To find the exact value of the functions, we will need to use some trigonometric identities and properties. Let's solve each problem step by step:
1) To find cotB, we need to use the definition of cotangent, which is the reciprocal of the tangent function. We know sinA = 3/5, and recall that sinA is equal to the opposite side divided by the hypotenuse in a right triangle with angle A. By using Pythagorean theorem, we can determine that the adjacent side is 4 (since 3^2 + 4^2 = 5^2). Now, we can find the tangent of A using tangent = opposite/adjacent: tanA = 3/4. Since cotangent is the reciprocal of tangent, cotB = 1/tanB = 1/(5/12) = 12/5.
2) To find sin2A, we need to use the double-angle formula for sine. The formula states that sin(2A) = 2sin(A)cos(A). Given sinA = 3/5, we can find cos(A) using the Pythagorean identity: cos(A) = sqrt(1 - sin^2(A)) = sqrt(1 - (3/5)^2) = sqrt(1 - 9/25) = sqrt(16/25) = 4/5. Now we can substitute these values into the double-angle formula: sin(2A) = 2(3/5)(4/5) = 24/25.
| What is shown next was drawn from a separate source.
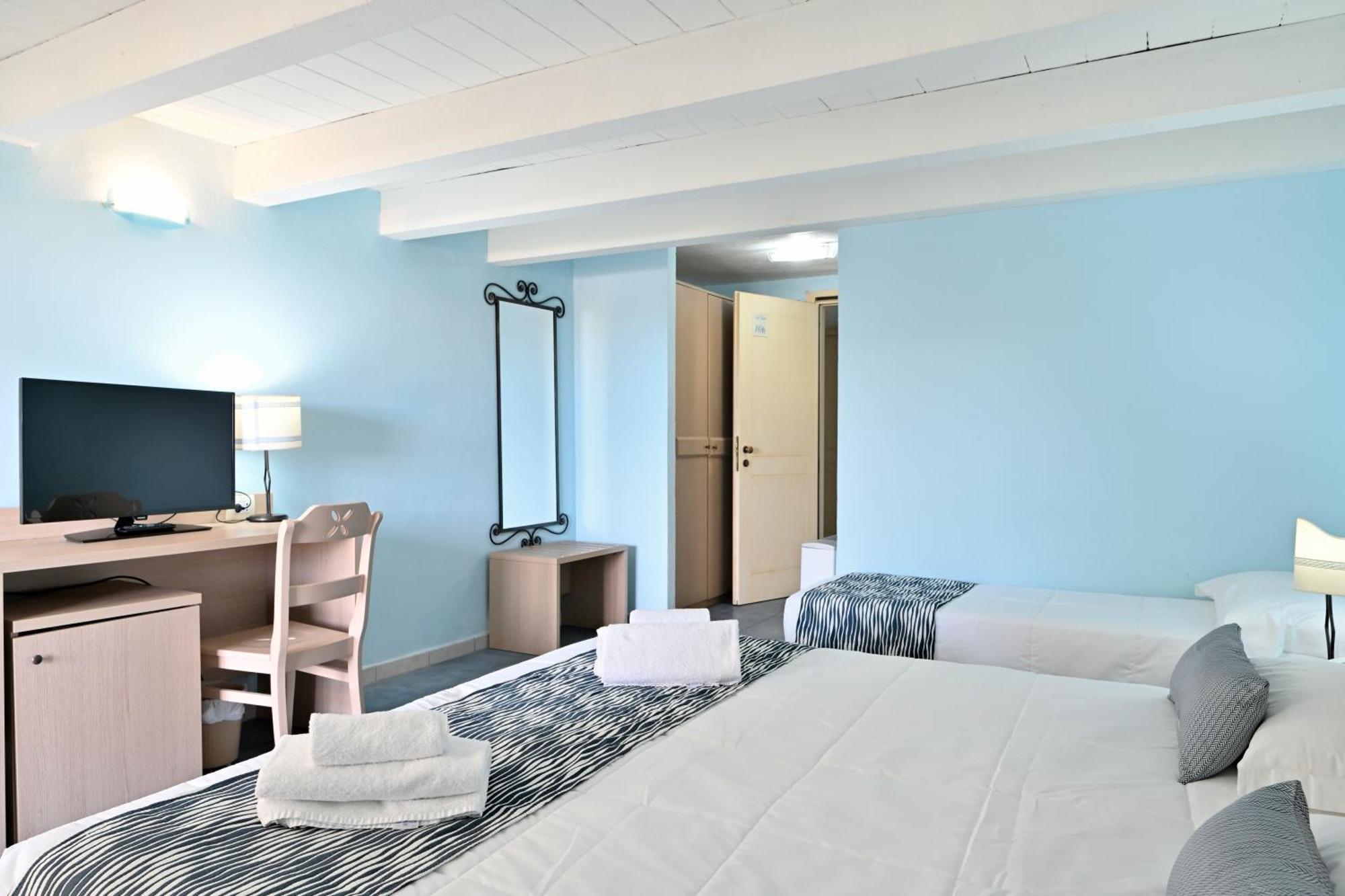 Cala Della Torre Resort La Caletta Extérieur photo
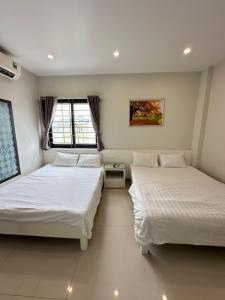 two beds in a room with two windows at Hotel Me Kong in Ha Long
3) To find cos(5pi/6 + B), we need to use the sum of angle formula for cosine. The formula states that cos(A + B) = cos(A)cos(B) - sin(A)sin(B). In this case, A = 5pi/6 and cosB = 5/13. Since both A and B are in the first quadrant, cos(A) and sin(A) are both positive. We know that sin(A) = 3/5, therefore, cos(A) = sqrt(1 - sin^2(A)) = sqrt(1 - (3/5)^2) = sqrt(1 - 9/25) = sqrt(16/25) = 4/5. Now we can substitute these values into the sum of angle formula: cos(5pi/6 + B) = (4/5)(5/13) - (3/5)(sinB).
4) To find tan(A - pi/4), we need to use the difference of angle formula for tangent. The formula states that tan(A - B) = (tan(A) - tan(B)) / (1 + tan(A)tan(B)). We know that tanA = 3/4 and A is in the first quadrant, so tan(A) is positive. Now we can substitute the given values into the formula: tan(A - pi/4) = (3/4 - tan(pi/4)) / (1 + (3/4)(1)).
By following these steps, you should be able to find the exact values of the given functions.